A missão de Azevedo era achar uma via que substituísse a perigosa Navegação Paranista ou Carreira do Pará, uma vez que Belém, no Pará, era o grande centro irradiador do comércio na Amazônia. Além disso, a história da cidade tem relações com a abertura da rodovia Cuiabá-Santarém, na década de setenta, quando os índios Panará, também conhecidos por Krên-aka-rorê, habitantes da floresta, foram expulsos pelas forças econômicas, que utilizavam os tão propalados discursos dos projetos de interiorização do desenvolvimento para ocupar os vazios amazônicos.

Dados da Câmara Municipal de Vereadores de Peixoto de Azevedo revelam que a extração de ouro, longe do auge da década de 80, ainda responde por boa parte economia local, além do aumento dos investimentos no campo com a criação de frangos, na pesca e na produção de farinha, além da produção de arroz, a criação de codornas e as pequenas indústrias artesanais e as fábricas de móveis. A pecuária e o comércio têm participação importante na economia. Por ser uma cidade marcada por fluxos migratórios ao longo de sua história, a cultura de Peixoto de Azevedo é múltipla e ganha destaque o artesanato, a culinária, a dança, a música, dentre outros.

Em 2019, conforme dados do Censo Instituto Brasileiro de Geografia Estatística (IBGE), a população da cidade alcancava naquele ano 34.976 habitantes, sendo 19.804 residentes na área urbana e a população rural com 11.008 pessoas. A densidade demográfica é de 2, 2,16 hab/km ². O Índice de Desenvolvimento Humano (IDHM) é de  0,649 e quanto mais próximo de 1, maior o desenvolvimento humano local.   Pelos dados do IBGE/2010, a estrutura etária da população é composta por 9.088 pessos com menos de 15 anos, 20.355 moradores estão na faixa de 15 a 64 anos e 1.369 com mais de 65 anos. 51,37% dos moradores dependem da população economicamente ativa e a taxa de envelhecimento é de 4,44%. O Índice de envelhecimento é a relação existente entre o número de idosos e a população jovem na região e expressa em número de residentes com 65 ou mais anos por 100 residentes com menos de 15 anos.

Em relação à saude, os dados do IBGE revelam que a taxa de mortalidade infantil média (2017) na cidade é de 12.76 para 1.000 nascidos vivos. As internações devido a diarreias (2016) são de 1.7 para cada 1.000 habitantes.  A cidade possui 15 estabelecimentos do Sistema Único de Saúde (SUS), conforme dados de 2009 do Instituto. A taxa de escolarização de 6 a 14 anos de idade, em 2010, era de 90,6%. Em 2018, estavam matriculados no ensino fundamental 1.261 estudantes e  342 no ensino médio. Em 2010, 2,5% da população  tinham o ensino superior completo.

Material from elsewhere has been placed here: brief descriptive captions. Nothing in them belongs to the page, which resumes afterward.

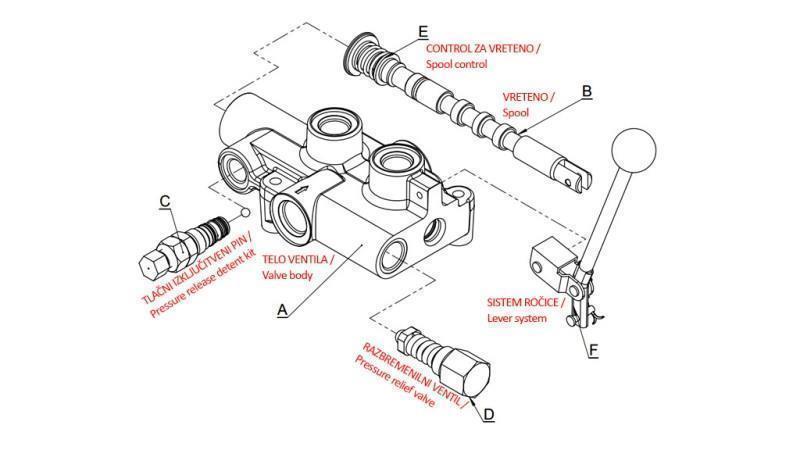 HYDRAULIKVENTIL P81-Rs- AUTOMATISCH FÜR SPALTER - DOPPELGESCHWINDIGKEIT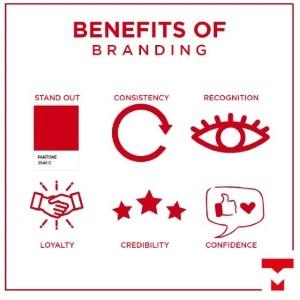 Benefits of Branding V1 Custom Custom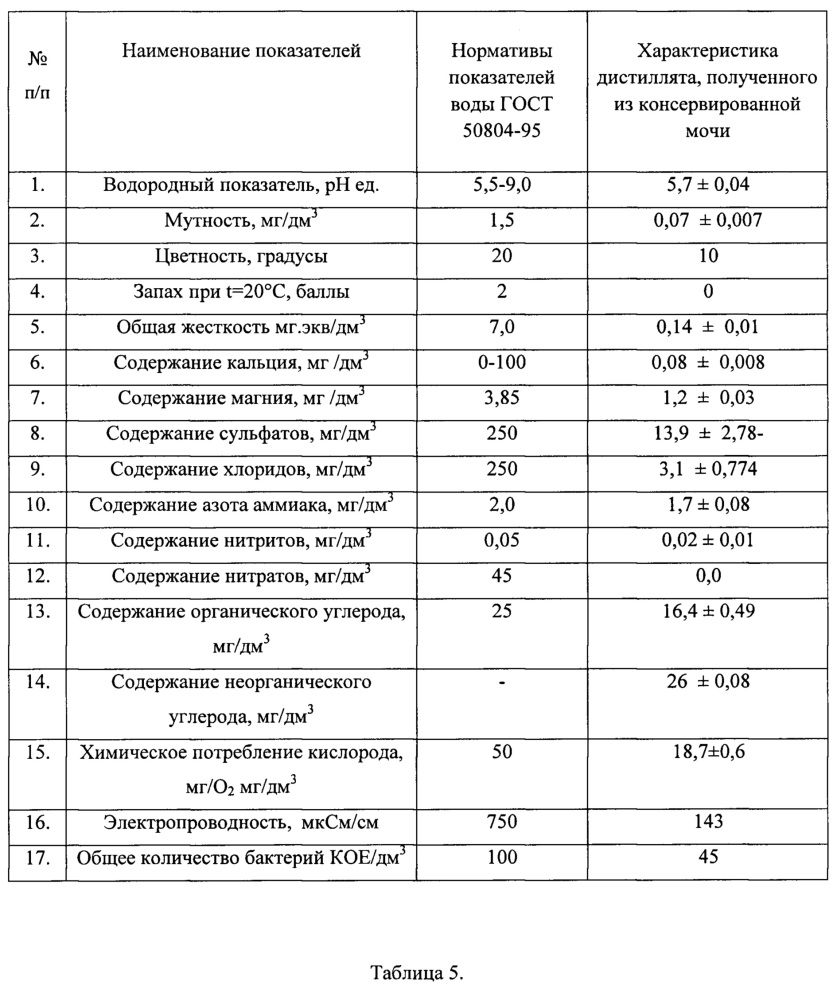 Способ регенерации воды из мочи (патент 2659201)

Em relação ao trabalho e rendimento, os dados do IBGE Cidades revelam que, em 2018, o salário médio mensal era de 2.4 salários mínimos. A proporção de pessoas ocupadas em relação à população total era de 9.3%. Na comparação com os outros municípios do estado, ocupava as posições 53 de 141 e 117 de 141, respectivamente.  Considerando domicílios com rendimentos mensais de até meio salário mínimo por pessoa, tinha 42.4% da população nessas condições, o que o colocava na posição 15 de 141 dentre as cidades de Mato Grosso e na posição 2434 de 5570 dentre as cidades do Brasil.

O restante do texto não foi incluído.